* _What is expected_:
Repeat the records. Match each character exactly.

* _Stored items from a collection_:

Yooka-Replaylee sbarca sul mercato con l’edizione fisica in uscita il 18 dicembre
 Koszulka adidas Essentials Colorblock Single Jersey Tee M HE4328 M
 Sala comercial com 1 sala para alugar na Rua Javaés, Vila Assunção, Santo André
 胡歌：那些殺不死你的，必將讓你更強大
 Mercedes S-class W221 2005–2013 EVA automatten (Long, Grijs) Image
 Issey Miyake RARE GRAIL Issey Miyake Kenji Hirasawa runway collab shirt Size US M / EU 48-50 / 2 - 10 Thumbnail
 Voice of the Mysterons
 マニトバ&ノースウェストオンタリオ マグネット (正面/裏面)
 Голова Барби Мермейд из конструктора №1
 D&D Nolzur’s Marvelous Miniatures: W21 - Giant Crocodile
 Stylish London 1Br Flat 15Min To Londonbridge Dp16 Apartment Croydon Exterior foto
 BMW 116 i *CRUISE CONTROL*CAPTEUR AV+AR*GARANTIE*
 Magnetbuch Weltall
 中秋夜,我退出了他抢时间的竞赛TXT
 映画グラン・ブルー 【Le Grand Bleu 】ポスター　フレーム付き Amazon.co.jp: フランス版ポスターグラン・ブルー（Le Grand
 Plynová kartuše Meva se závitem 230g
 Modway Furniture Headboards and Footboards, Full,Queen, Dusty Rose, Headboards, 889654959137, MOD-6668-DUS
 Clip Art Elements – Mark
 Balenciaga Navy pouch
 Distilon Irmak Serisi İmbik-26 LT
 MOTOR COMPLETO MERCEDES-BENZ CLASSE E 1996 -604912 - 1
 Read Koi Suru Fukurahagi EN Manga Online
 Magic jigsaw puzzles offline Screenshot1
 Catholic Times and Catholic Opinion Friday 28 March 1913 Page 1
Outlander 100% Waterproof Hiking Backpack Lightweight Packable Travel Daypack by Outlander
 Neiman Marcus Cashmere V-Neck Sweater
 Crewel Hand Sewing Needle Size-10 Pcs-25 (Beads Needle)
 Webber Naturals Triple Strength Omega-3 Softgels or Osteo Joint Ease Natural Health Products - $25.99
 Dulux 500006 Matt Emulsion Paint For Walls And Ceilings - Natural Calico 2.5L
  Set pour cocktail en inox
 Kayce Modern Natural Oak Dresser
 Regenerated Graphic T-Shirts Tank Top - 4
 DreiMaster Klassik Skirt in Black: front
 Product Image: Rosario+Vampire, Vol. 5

* _Result below_:
Yooka-Replaylee sbarca sul mercato con l’edizione fisica in uscita il 18 dicembre
 Koszulka adidas Essentials Colorblock Single Jersey Tee M HE4328 M
 Sala comercial com 1 sala para alugar na Rua Javaés, Vila Assunção, Santo André
 胡歌：那些殺不死你的，必將讓你更強大
 Mercedes S-class W221 2005–2013 EVA automatten (Long, Grijs) Image
 Issey Miyake RARE GRAIL Issey Miyake Kenji Hirasawa runway collab shirt Size US M / EU 48-50 / 2 - 10 Thumbnail
 Voice of the Mysterons
 マニトバ&ノースウェストオンタリオ マグネット (正面/裏面)
 Голова Барби Мермейд из конструктора №1
 D&D Nolzur’s Marvelous Miniatures: W21 - Giant Crocodile
 Stylish London 1Br Flat 15Min To Londonbridge Dp16 Apartment Croydon Exterior foto
 BMW 116 i *CRUISE CONTROL*CAPTEUR AV+AR*GARANTIE*
 Magnetbuch Weltall
 中秋夜,我退出了他抢时间的竞赛TXT
 映画グラン・ブルー 【Le Grand Bleu 】ポスター　フレーム付き Amazon.co.jp: フランス版ポスターグラン・ブルー（Le Grand
 Plynová kartuše Meva se závitem 230g
 Modway Furniture Headboards and Footboards, Full,Queen, Dusty Rose, Headboards, 889654959137, MOD-6668-DUS
 Clip Art Elements – Mark
 Balenciaga Navy pouch
 Distilon Irmak Serisi İmbik-26 LT
 MOTOR COMPLETO MERCEDES-BENZ CLASSE E 1996 -604912 - 1
 Read Koi Suru Fukurahagi EN Manga Online
 Magic jigsaw puzzles offline Screenshot1
 Catholic Times and Catholic Opinion Friday 28 March 1913 Page 1
Outlander 100% Waterproof Hiking Backpack Lightweight Packable Travel Daypack by Outlander
 Neiman Marcus Cashmere V-Neck Sweater
 Crewel Hand Sewing Needle Size-10 Pcs-25 (Beads Needle)
 Webber Naturals Triple Strength Omega-3 Softgels or Osteo Joint Ease Natural Health Products - $25.99
 Dulux 500006 Matt Emulsion Paint For Walls And Ceilings - Natural Calico 2.5L
  Set pour cocktail en inox
 Kayce Modern Natural Oak Dresser
 Regenerated Graphic T-Shirts Tank Top - 4
 DreiMaster Klassik Skirt in Black: front
 Product Image: Rosario+Vampire, Vol. 5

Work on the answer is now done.